It is in the course of this two-way chase that we become aware of yet another theme. Frankenstein and the Monster are not really two independent entities. They are “complementary” and “antithetical.”3 The creature is an extension of the creator in that he represents the destructive potentialities latent in Frankenstein. The two may be seen as two aspects of a disintegrated personality, an anticipation of the theme of Dr. Jekyll and Mr. Hyde. Frankenstein becomes a disintegrated personality after his dangerous experiment. He becomes more of an emotional and imaginative person and the Monster represents intellect. In their several confrontations, the Monster’s arguments stand out for their unassailable logic.

 

However, it is wrong to see the Monster as an unfeeling, unthinking robot. He had voiced concern for the poor and the suffering and aired views on political justice and education. He had frequently given expression to his emotions. His affection and jealousy were roused when he observed the life of the cottagers. His compassion made him save a drowning child. He revenges himself on Frankenstein by killing three persons. He had felt hunger and thirst the same way as other humans feel. He even had sexual urges when he saw Felix and Safie making love to each other.

 

If the Monster is Frankenstein’s own reflection, or at least some aspect of him, Captain Walton is a projection of Frankenstein. He too has something in common with Frankenstein. He was bound for “the unexplored regions” in search of dangerous and forbidden knowledge. His quest parallels Frankenstein’s earlier quest for the secret of life. Therefore, Frankenstein counsels the Captain:

 

Are you mad, my friend?….or whither does your senseless curiosity lead you? Would you also create for yourself and the world a demoniacal enemy? Peace, peace! Learn my miseries, and do not seek to increase your own. (p. 189)

 

Frankenstein and Captain Walton erroneously assume that knowledge is a higher good than love or sympathy and that can be independent of a compassionate society. 4 Both of them started off with benevolent and selfless motives which tend to degenerate into Satanic pride. Self-glory made Walton nearly endanger the lives of his companions. Observe Frankenstein’s admission to Captain Walton:

 

When I reflected on the work I had completed, no less a one than the creation of a sensitive and rational animal, I could not rank myself with the heard of common projectors. But this thought, which supported me in the commencement of my career, now serves  only to plunge me lower in the dust. All my speculations and hopes are as nothing; and, like the archangel who aspired to omnipotence, I am chained in an eternal hell...” (p. 190)

 

Captain Walton shares with Frankenstein and the Monster, a terrible sense of isolation. He wrote to his sister early in his voyage:

 

But I have one want which I have never yet been able to satisfy; and that absence of the object of which I now feel as a most severe evil.

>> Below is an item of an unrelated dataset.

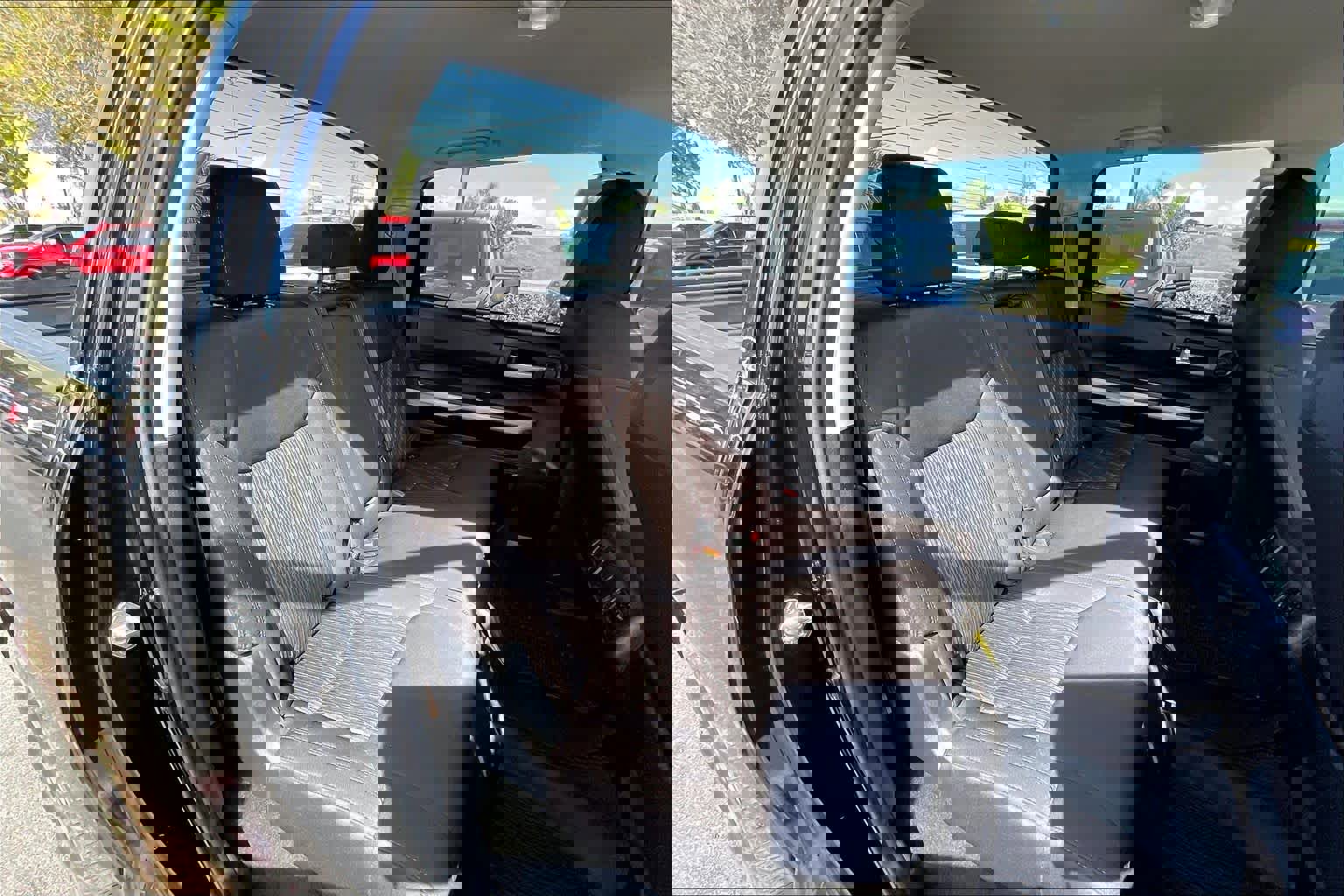 Used 2021 Toyota Tundra SR5 w/ Trail Edition image 25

I have no friend, Margaret: ...I desire the company of a man who could sympathise with me; whose eyes would reply to mine. You may deem me romantic, my dear sister, but I bitterly feel the want of a friend. (pp. 6-7)

 

The Monster, Frankenstein and Captain Walton are bound one to the other since they are aspects and segments of the same personality. 5 It is therefore appropriate that they should merge into one another towards the end of the novel.

 

The narrative structure of the novel is also significantly based on these three principal figures. Captain Walton who was literally on the rim of the world represents the external reality and he starts telling the story of his quest and his encounter with Frankenstein. Then Frankenstein tells his story from chapter I through chapter X. The core of the novel, chapters XI through XVI, is told by the Monster. This narrative pattern may be likened to a series of three concentric circles. The innermost circle represents the Monster and his horrors. The outermost circle represents reality. This Chinese-box structure in the narrative underscores the merging of themes and characters on yet another level.

 

The foregoing discussion of the themes, characters and structure or Frankenstein brings us to the question: Is this a Gothic novel? It has few of the conventions and devices of that genre of fiction. In a Gothic novel, the action takes place in the past, usually in the Middle Ages, in and around a haunted castle. The action in Mrs. Shelley’s novel is not in the past, nor is it located In a medieval castle, though some critics tried to establish a tenuous link between it and Frankenstein’s laboratory. There is no ghost, though the Monster is ghost–like in his demeanor. There is no monk, no magic and no witchcraft in Frankenstein. There is no incest. There are no clanking chains, no trap doors, no underground passages, and no charnel houses in this novel. There are, however, terror and horror, but they are not of the melodramatic variety as the typical Gothic novel.

 

But the novel is a powerful tragedy. It is Frankenstein’s tragedy presented somewhat in the Greek manner. Frankenstein is exceptional in his intelligence and makes a significant choice, accomplishes something unique with completely good intentions. But once his goal was reached, he swelled with pride on his own admission. It is this hubris which, in his judgment, led to his fall. 6 Like the fall of a Greek tragic hero, his destruction was brought through mental anguish. Frankenstein’s reanimation of a dead body was a blasphemous act just like Prometheus’s act of stealing fire from Zeus or Captain Ahab’s vengeful pursuit of a dumb brute. Frankenstein also evokes the emotions of pity and fear, pity for the hero’s plight and fear or the monstrosities of his creature.

 

What then is the true significance of this novel written by a teenager of rare imagination? Its moral implications an important to us in the twentieth century, hundred and fifty years after its first publication. To Mary, the romantic, the rational mind seemed to be evil, breeding only evil. Hence the Monster who represents the rational mind is presented as abominable. 7 Frankenstein’s story is also a reworking of the Faustus myth where a person barters away his soul for doubtful and dangerous knowledge. Frankenstein is a tragedy of Mary’s own life, 8 of her age, of the irreconcilable conflict between emotion and intellect, faith and doubt, mind and matter, and science and religion The Space Age has brought this conflict into clear focus once again. Hence Frankenstein has a relevant meaning and a significant message to us.

 

1 See Burton R. Pollin, “Philosophical and Literary Sources of Frankenstein,” Comparative Literature, XVII. 98.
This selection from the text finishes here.